Words by Jael Goldfine / Directed by Sebastian Sdaigui

"I mean in like, my soul," says Saweetie while a glam attendant sculpts her brows. "'Cause I pray a lot. I mean in like, my body. 'Cause I eat good and I work out. I mean in like, my relationships. 'Cause I love my family and my friends. High Maintenance is about more than getting your hair, your weave, whatever done. It's about maintaining the things that you really care about in life."

The 26-year-old rapper, real name Diamonté Harper, is explaining the title of her 2018 mixtape in the first episode of PAPER's "Show/Off." Our new mini-documentary series captures intimate moment with remarkable people, before and during major moments in their lives. So we went behind the scenes with the rap upstart at her Rolling Loud Bay Area set, which took place at Oakland's Coliseum, about a 20 minute drive from her hometown in Hayward, California.

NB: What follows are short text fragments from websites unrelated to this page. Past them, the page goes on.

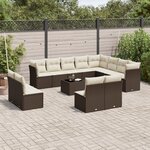 vidaXL Salon de jardin avec coussins 13 Pièces marron résine tressée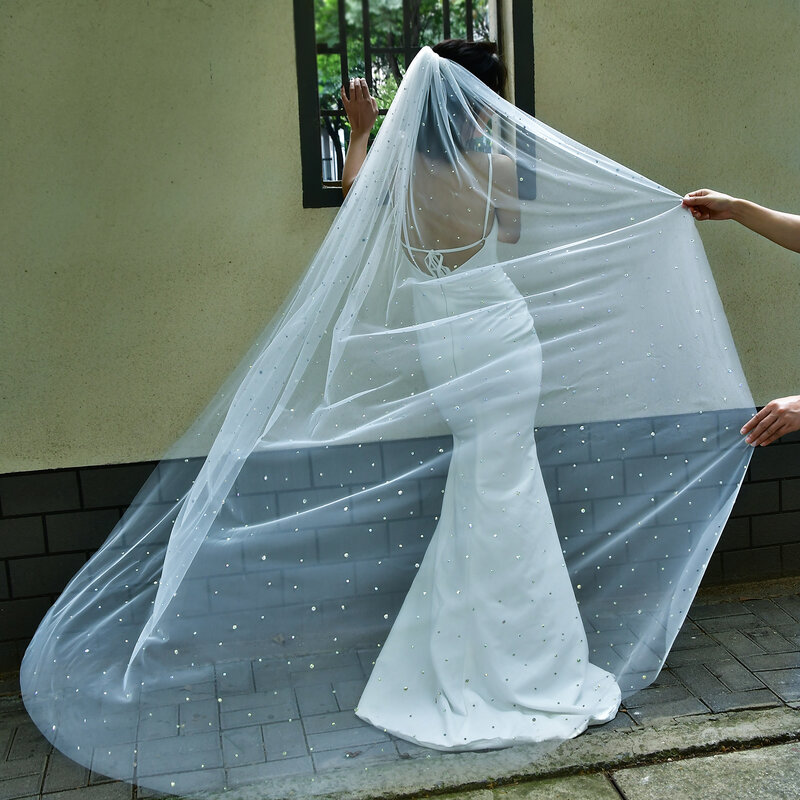 Sparking Wedding Bride Veil strass veli da sposa 1 Tiers Mix Crystals perline Tulle bianco accessori da sposa diamante A58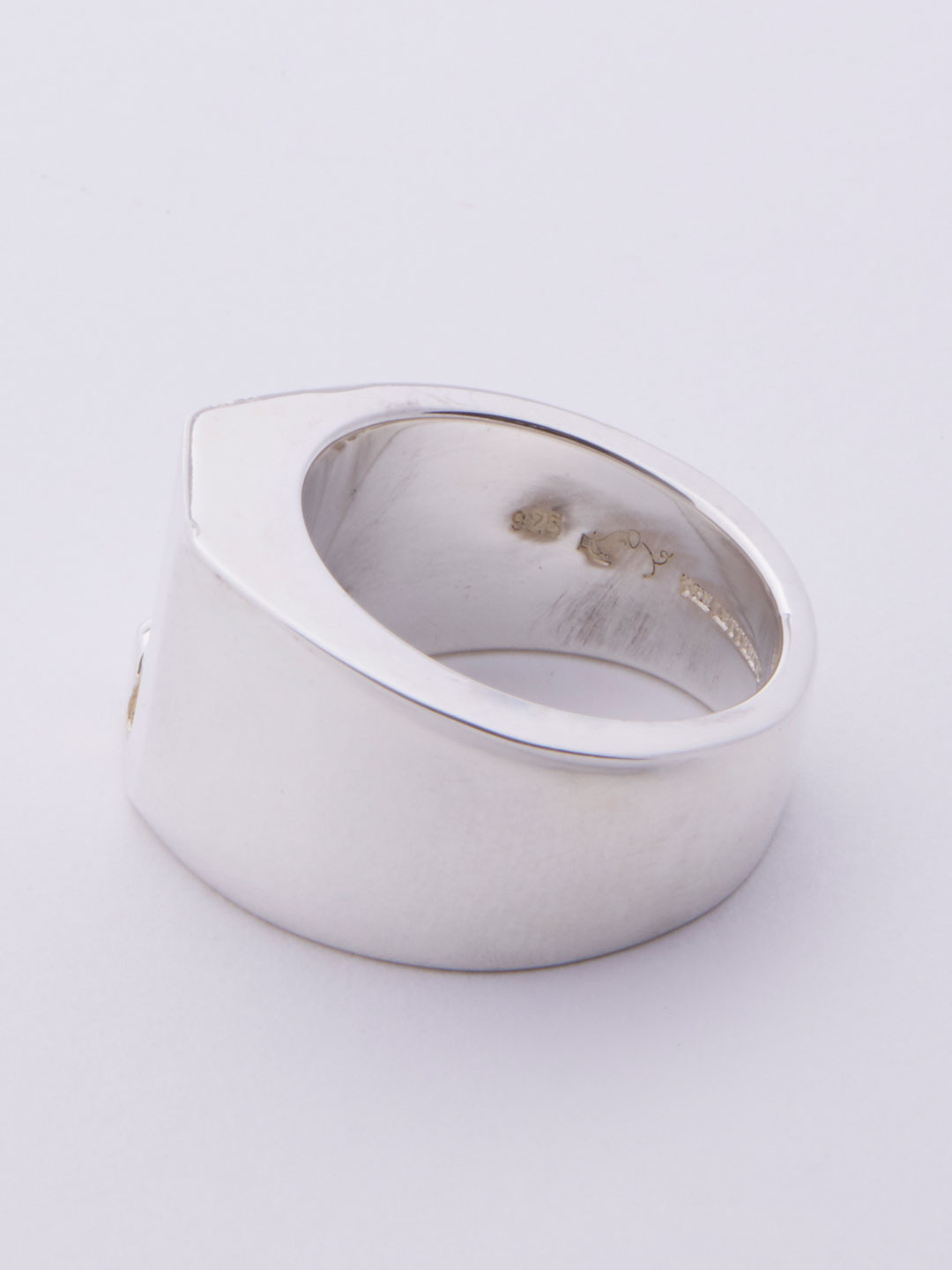 Alphabet Men's Ring J - Silver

High Maintenance is the major label debut that took Saweetie from fierce competitor in a crowded freshman class of MCs (who got her start posting covers of songs like "My Neck, My Back" on Instagram) to one of hip-hop's most beloved breakouts. It's the home of "ICY GIRL," her splashy 2018 hit: a blasé kiss-off to haters and a pledge to "take custody" of her dreams that sits atop a double dutch, bubblegum-snapping beat.

She followed up High Maintenance with 2019's ICY, which includes her biggest hit to date, "My Type." The track leaves nothing to the imagination describing Saweetie's perfect man (her boyfriend Quavo is featured on two tracks), and pays homage to West coast gangsta funk and '80s hip-hop.

As it turns out, the things in life Saweetie really cares about — the things she knows she has to "maintain" in order to realize her hefty ambitions — are her family and roots.

"I'm high maintenance because my grandma was high maintenance," Saweetie says. "You know, she been bougie. She used to get her hair and her nails done every Thursday an hour away in her Mercedes Benz, driving herself off the money she made. When you're a little girl watching your fly grandma boss up and just be cute for herself, for herself..." She trails off.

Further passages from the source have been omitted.